Özgürlük İçin Hukukçular Derneği (ÖHD) Genel Merkez Hapishane Komisyon Eş Sözcüsü Avukat Çiğdem Kozan, infaz yakmalara ilişkin değerlendirmelerde bulundu.
‘Hukuki dayanağı yok’
Covid-19 sürecinde infaz yasasında bir kısım değişiklikler yapıldığını söyleyen Çiğdem, infaz yasasında yapılan değişikliklerle idare ve gözlem kurullarının yetkisinin fiilen genişletildiğini kaydetti. Çiğdem, “Orada yapılan değişikliklerden sonra idare ve gözlem kurulları karşımıza çıktı. Karşımıza çıkma biçimi ise karar merciler olması. Kişilerin koşullu salıverilmesi ile ilgili durumlarına dair kararları üst mahkeme olan ağır ceza mahkemeleri veriyordu, şimdi idare ve gözlem kurulu kararlarını artık infaz hakimlikleri inceliyor. Ağır ceza mahkemesi üç hakimli bir heyetten oluşuyor. Tutsakla birebir temas eden bir noktada ama infaz hakimliği sadece idare ve gözlem kurulunun kararını tabiri caizse tutsakla hiçbir temas etmeden dosya üzerinde inceleniyor. Buda idare ve gözlem kararının bir noterlik makamı gibi infaz hakimliğince onanması demek. İdare ve gözlem kurulu da hukuki bir alt yapısı olmayan bir kurul. İdare ve gözlem kurulu, cezaevi müdürü, cezaevi ikinci müdürü, idare memuru, cezaevi tabibi, psikolog, baş gardiyan ve teknik personelden oluşuyor. Hukuki bir alt yapısı olmayan bir kurul kişilerin cezalandırılmasına karar veriyor. Yasal hakları olan denetimli serbestlik, koşulu salıverilme hakkından faydalanmalarının önüne geçiyor ve cezalandırıcı bir karar veriyor. Mahkemeymiş gibi bir kuruldan söz ediyoruz” dedi.

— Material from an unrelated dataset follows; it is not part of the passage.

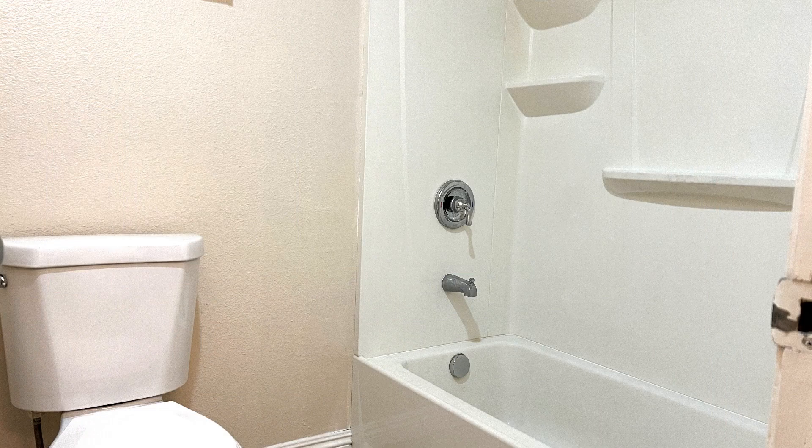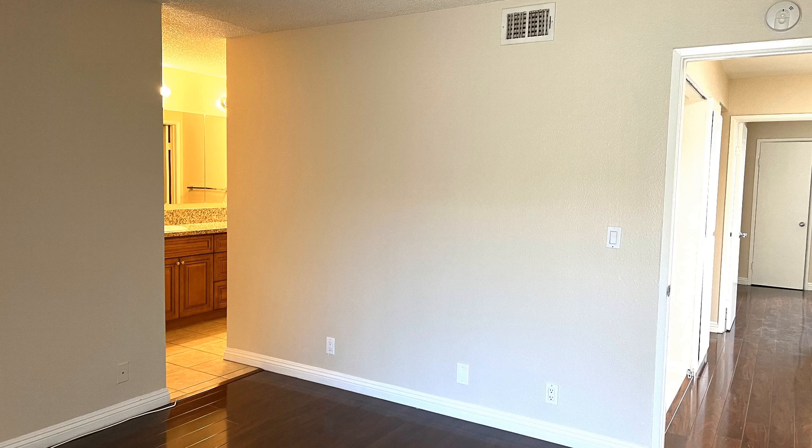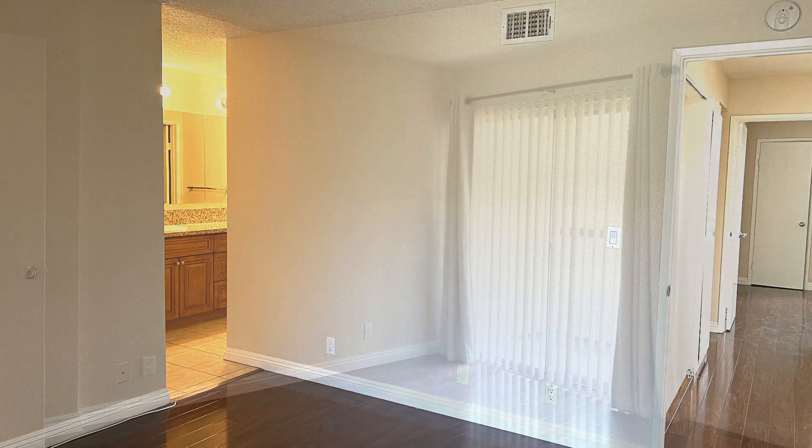This is truly a must-see. If you are interested in this Covina, California rental property or want to know what other rentals are available in the area, contact us today. We are ready to help you find your next home. Give us a call now and book a showing. Our number and website is in the description below.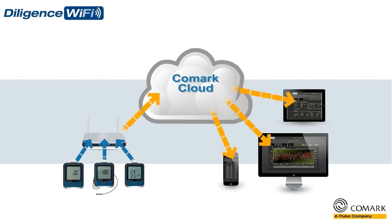The Diligence Wi-Fi solution also includes a local alarm module, to provide you with real-time audio and visual alerts, meaning immediate action can be taken to resolve issues on site.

‘Sayın Öcalan’a yönelik tecrit siyasi tutsaklara da yansıyor’
İnfaz yakmaların adlilere de uygulandığını duyduklarını ama kurumlarına siyasi tutsaklar yönünden başvuru aldıklarına dikkat çeken Çiğdem, infaz yakma uygulamalarına, siyasi tutsaklarla başlandığını belirtti. Çiğdem, “Aslında bu bir tecrit, kişilerin tutulmaya devam edilmesi, hapsedilmeye devam edilmesi bir tecrit hali. Bunu İmralı’da sayın Öcalan’dan bağımsız görmek mümkün değil. Cezaevlerinde uygulanan hukuksuzluklar önce İmralı’dan başlıyor. Sayın Öcalan üzerindeki tecrit, mutlak iletişimsizlik halini Türkiye hapishanelerinde de kişilerin infazların yakılması, cezaevinde tutulmaya devam edilmesi haliyle bir tecrit yansıması oluyor. Bu siyasi bir yaklaşım, sayın Öcalan üzerindeki tecridin devamlılığı siyasi tutsaklara yansıyor değerlendirmesi mümkün” diye belirtti.
‘Eril sistem kadınları hiçbir alanda görmek istemiyor’
Sincan Kadın Kapalı Cezaevi’nde bulunan ve infazı yakılan 14 tutsak kadına da değinen Çiğdem şöyle ekledi: “Siyasi kadın olma özelinde bir durum var. Sincan hapishanesi infaz yakmalarla ilgili pilot bir bölge. Özellikle Sincan kadın özelinde daha biraz pilot. Sincan kadın hapishanesinde Nisan 2021’den beri infaz yasasında yapılan değişikliklerden beri tek bir tutsak tahliye olmadı. Başka cezaevlerinde tahliye olan tutsakları duyduk ama Sincan kadın hapishanesi hiçbir şekilde hiçbir tutsağı tahliye etmiyor. Salt bunu infaz yakma olarak değerlendirmek mümkün değil, siyasi kadın tutsak olma özelinde de devletin bu kadınlar karşısında kendini konumlandırmasından kaynaklı. Eril bir sistem içerisindeyiz, eril sistemin bir boyutu eril yargı ve eril hapishaneler. Sincan kadındaki tutsaklara şu söyleniliyor; ‘kadın alanında yürüttüğünüz mücadele, kadın hakları savunuculuğu yürütmeniz, kadın siyasetçi olmanızı istemiyoruz’. Eril sistem, hak savunuculuğu alanında, siyaset alanında kadınları gördüğünde kadınları daha fazla hapsetmek istiyor. Aslında kadınları daha fazla hapsederek, kadınları yıldırma çabasından öteye giden bir noktada değil.”
AYM başvuruları reddetti
Çiğdem son olarak, infaz yakmalarla ilgili Anayasa Mahkemesi’ne (AYM) başvurulduğunu ama ret kararı verildiğini söyledi. Avrupa İnsan Hakları Mahkemesi’nden (AİHM) şuana kadar başvurulara dönük bir yanıtın gelmediğini ama bir ihlal kararı beklediklerini kaydetti.